Nato come rielaborazione visiva della colonna sonora The Lion King: The Gift, il film di Beyoncé si allontana dall’universo disneyano, ampliando i contenuti delle canzoni e approfondendo le tematiche del film, facendone un racconto universale fortemente connesso al concetto di blackness. Minuziosamente curato sul piano visivo – con continui rimandi alla cultura africana rielaborati in chiave pop, con incursioni nell’afrosurrealismo e afrofuturismo, nell’R&B, hip-hop e afrobeat – il risultato è una dichiarazione d’amore verso l’Africa e la sua storia dimenticata, quella degli antenati fondatori delle antiche civiltà di cui l’odierno popolo nero è al contempo erede e testimone.

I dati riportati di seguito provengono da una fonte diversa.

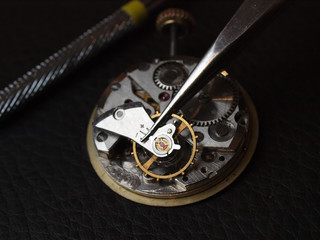 watchmaker repairing old watch mechanism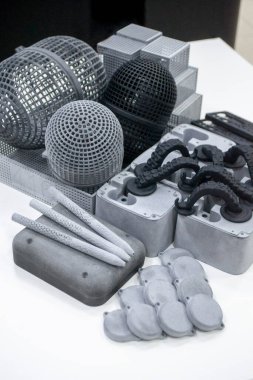 3D yazıcıda birçok farklı model basıldı. Plastikten yapılmış 3 boyutlu yazıcıya basılmış gri ve siyah nesneler. Bir sürü 3D baskı modeli. Masadaki 3D yazıcı tarafından yapılan çeşitli şekillerin prototipleri.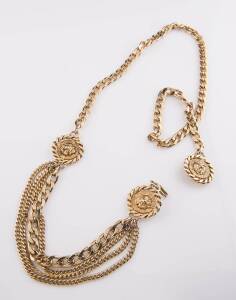 A metal Lion's head multi strand belt, in the style of Versace.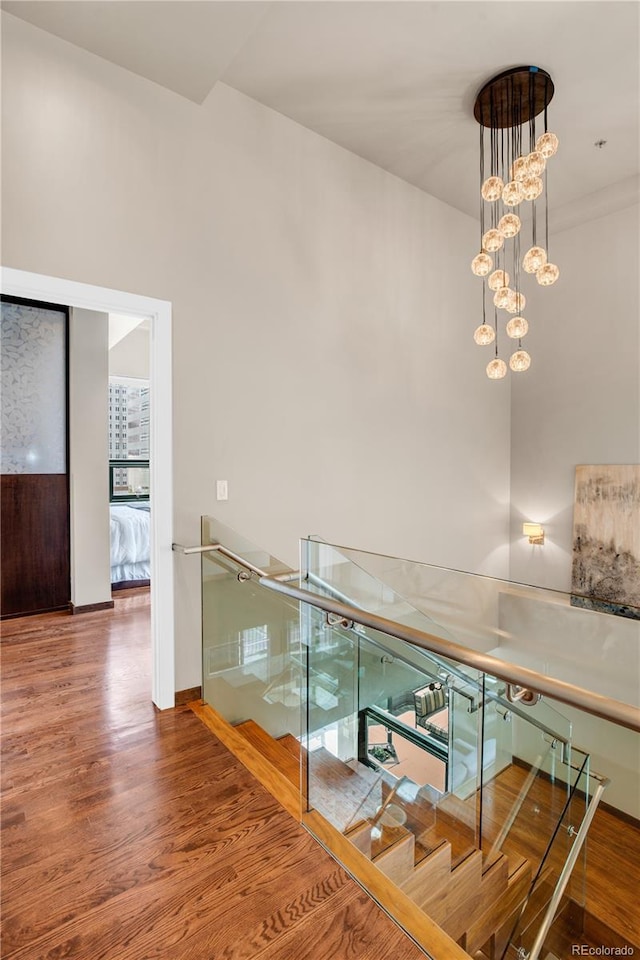 stairway featuring hardwood / wood-style flooring and a chandelier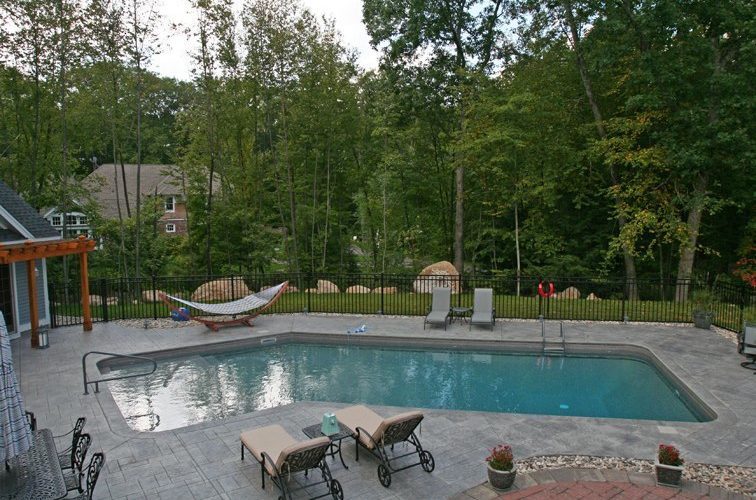 This is a photo of a Lazy L style inground swimming pool with custom pool house and furniture.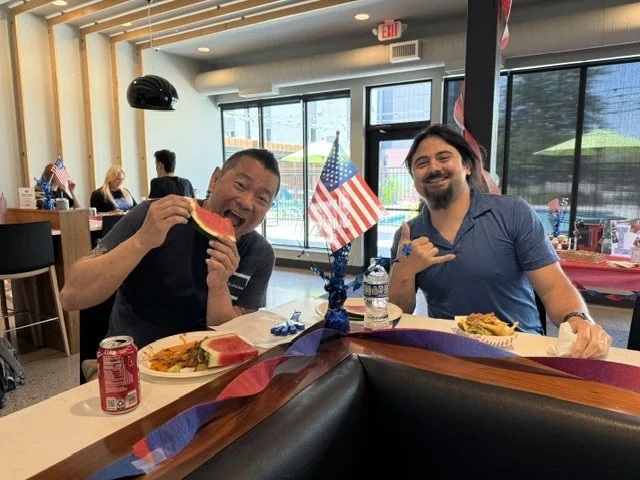 Two men sitting at a restaurant table with American flags centerpiece, enjoying a meal with watermelon and other food, in front of large windows showing a city view.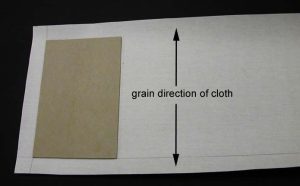 Cloth for box cover cut and showing grain direction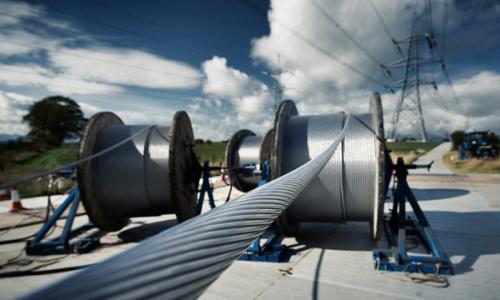 Large spools of overhead electricity lines with electricity pylon in the background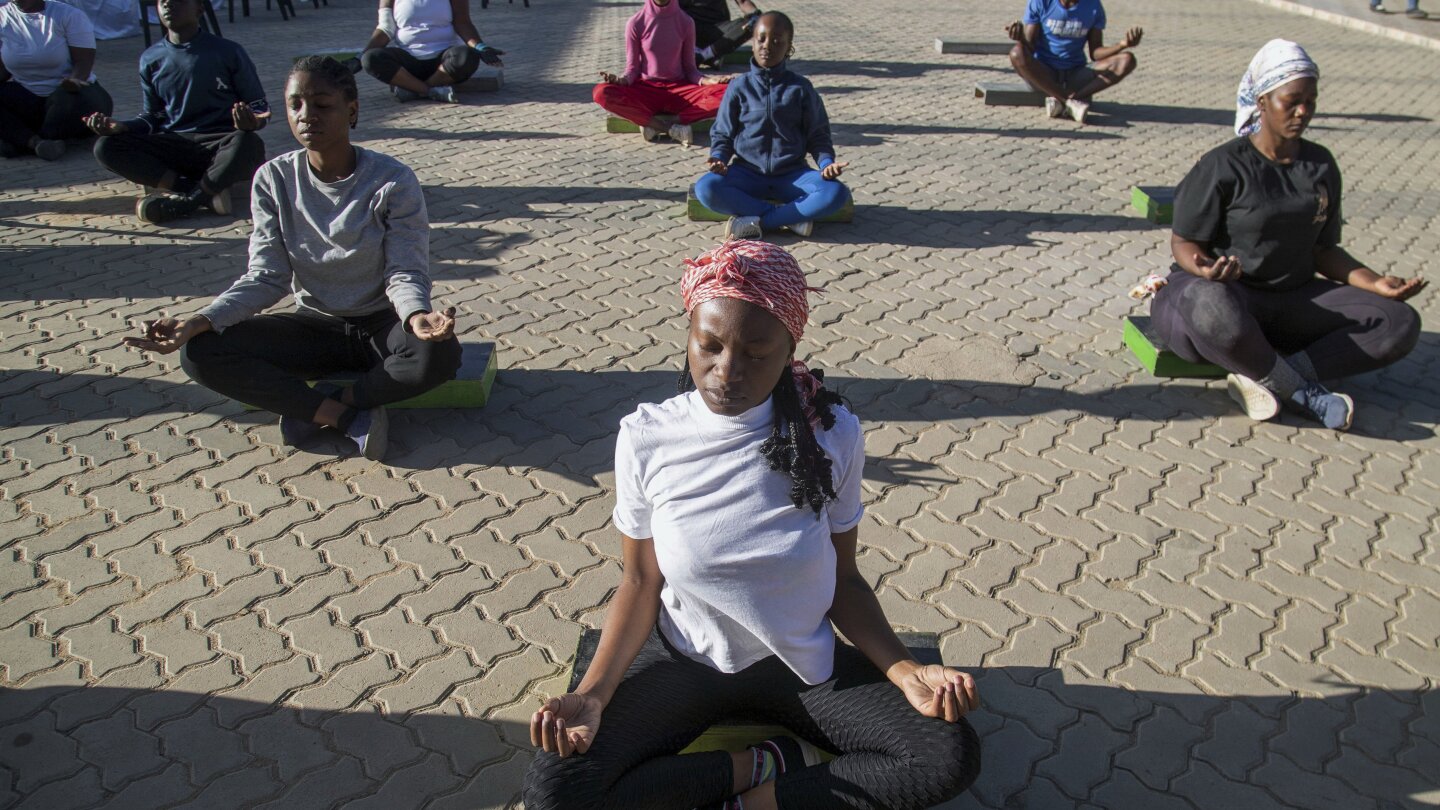 Yoga in a Zimbabwe bar is the latest mental health outreach in a struggling country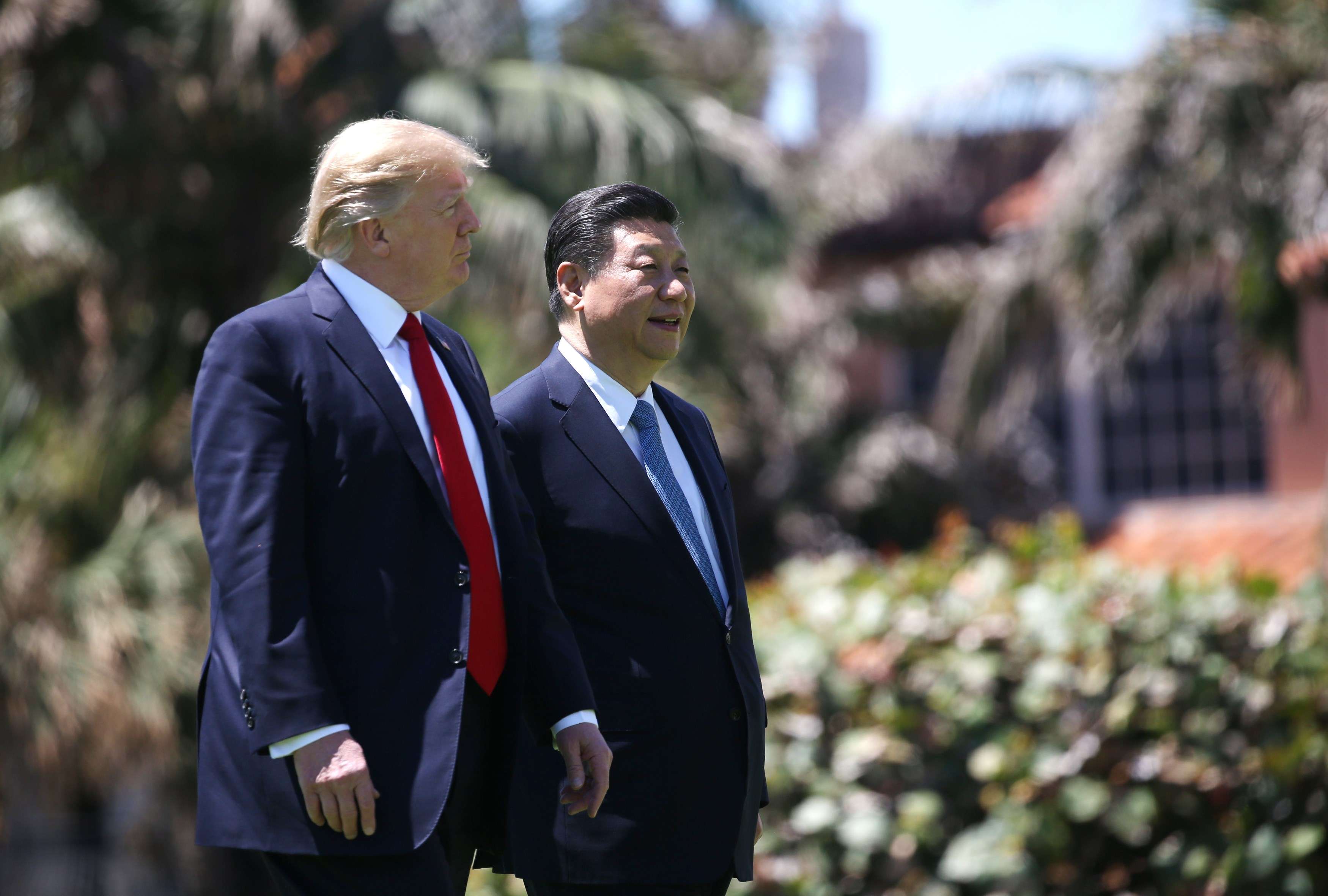 US President Donald Trump and China's President Xi Jinping walk along the front patio of the Mar-a-Lago estate after a bilateral meeting in Palm Beach, Florida, on Thursday. Photo: Reuters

Girato tra Africa, Europa e Stati Uniti con maestranze e artisti locali tra i più rappresentativi della nuova coscienza nera (Pharrell Williams, Childish Gambino, Jay-Z, Tierra Wack, Oumou Gambaré, Busiswa, Yemi Alade, Salatiel), Black Is King si fa evidente riflessione panafricana sulla condizione attuale dei neri e della resilienza a cui sono storicamente portati, costretti a “tenere le corone nelle tasche per via di un ambiente repressivo”. È chiaro dunque che in un periodo storico così difficile per gli afroamericani, presi tra urgenti questioni sociopolitiche e razziali, l’invito ad alzare la testa, comprendere il valore del colore della propria pelle, rispettare i fratelli e le sorelle e adoperarsi con loro per il bene comune, assume un significato che va ben oltre la morale del racconto originale.

Beyoncé tocca tanti temi in un’opera visiva di grande suggestione, colta e stratificata pur se a tratti ridondante nei contenuti, acclamata dalla critica nonostante alcune perplessità legate prevalentemente all’immagine di un’Africa opulenta ben distante dalla realtà. Ma attenzione: Black Is King non è un film sul continente, bensì una rappresentazione idealizzata da parte di una figlia della Diaspora di un periodo superato che deve continuare a vivere all’interno di ognuno, un invito a custodire la memoria delle proprie radici per ricordare chi si è e sapere dove si sta andando.